Förderung privater Maßnahmen sei in der Regel auf die Ortskerne beschränkt. Bei kommunalen Projekten können aber, wie Egenolf weiß, Ausnahmen gemacht werden - beispielsweise wenn es sich um Projekte mit Strahlkraft für die ganze Gemeinde wie zum Beispiel Mehrgenerationenhäuser handele. Den Erfolg der Teilnahme am Programm misst Hans-Joachim Egenolf nicht nur an nackten Zahlen. Es komme vor allem auf die Wertigkeit der einzelnen Projekte sowie eine intensive und nachhaltige Bürgermitwirkung an. Was für Egenolf ebenfalls ein wichtiger Aspekt ist, ist, dass das Programm seit nunmehr über 40 Jahren dazu beiträgt, der mittelständischen heimischen Bauwirtschaft die Auftragsbücher zu füllen und somit in der ländlichen Region wertvolle Arbeitsplätze zu sichern. Ein Euro Zuschuss führt nach den Erfahrungen bei privaten Ma0nahmen in der Regel zu örtlichen Investitionen von fünf bis sieben Euro, wie Egenolf weiß.

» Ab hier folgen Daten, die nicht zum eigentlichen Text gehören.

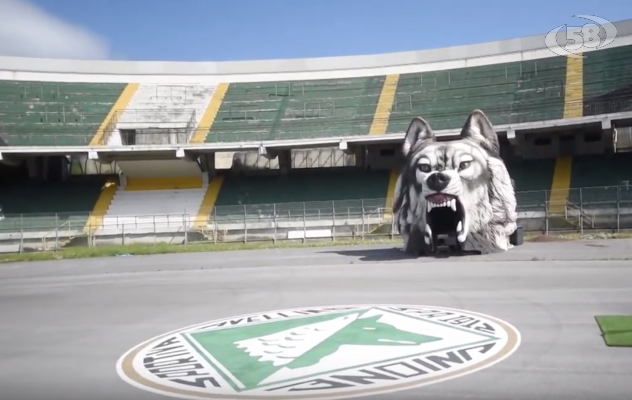 Avellino calcio, svolta vicina: gli acquirenti si fanno avanti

Auch für private Immobilienbesitzer lohnt es sich, während der Programmlaufzeit zumindest eine kostenlose Beratung durch einen von der Kommune beauftragten Fachberater in Anspruch zu nehmen. Das verpflichtet zu nichts. Doch nach 14 Tagen habe man ein Protokoll, was aufzeige, was aus dieser Immobilie mit Förderung entwickelt werden könne. Man muss sich an die Spielregeln wie passende Baumaterialien halten, kann dann aber für ein normales Projekt 35 Prozent der förderfähigen Nettokosten als Zuschuss erhalten, in Höhe von bis zu 45.000 Euro für die normale Immobilie und 60.000 Euro für ein Einzelkulturdenkmal. Wenn auf einem Grundstück mehrere Projekte verwirklicht würden, könne man unter Umständen sogar auch mehrfach Zuschüsse bekommen, weiß der Fachdienstleiter der heimischen Kreisverwaltung. Eine zu drei Wohneinheiten umgebaute Scheune könne im Optimalfall 200.000 Euro Zuschuss bringen.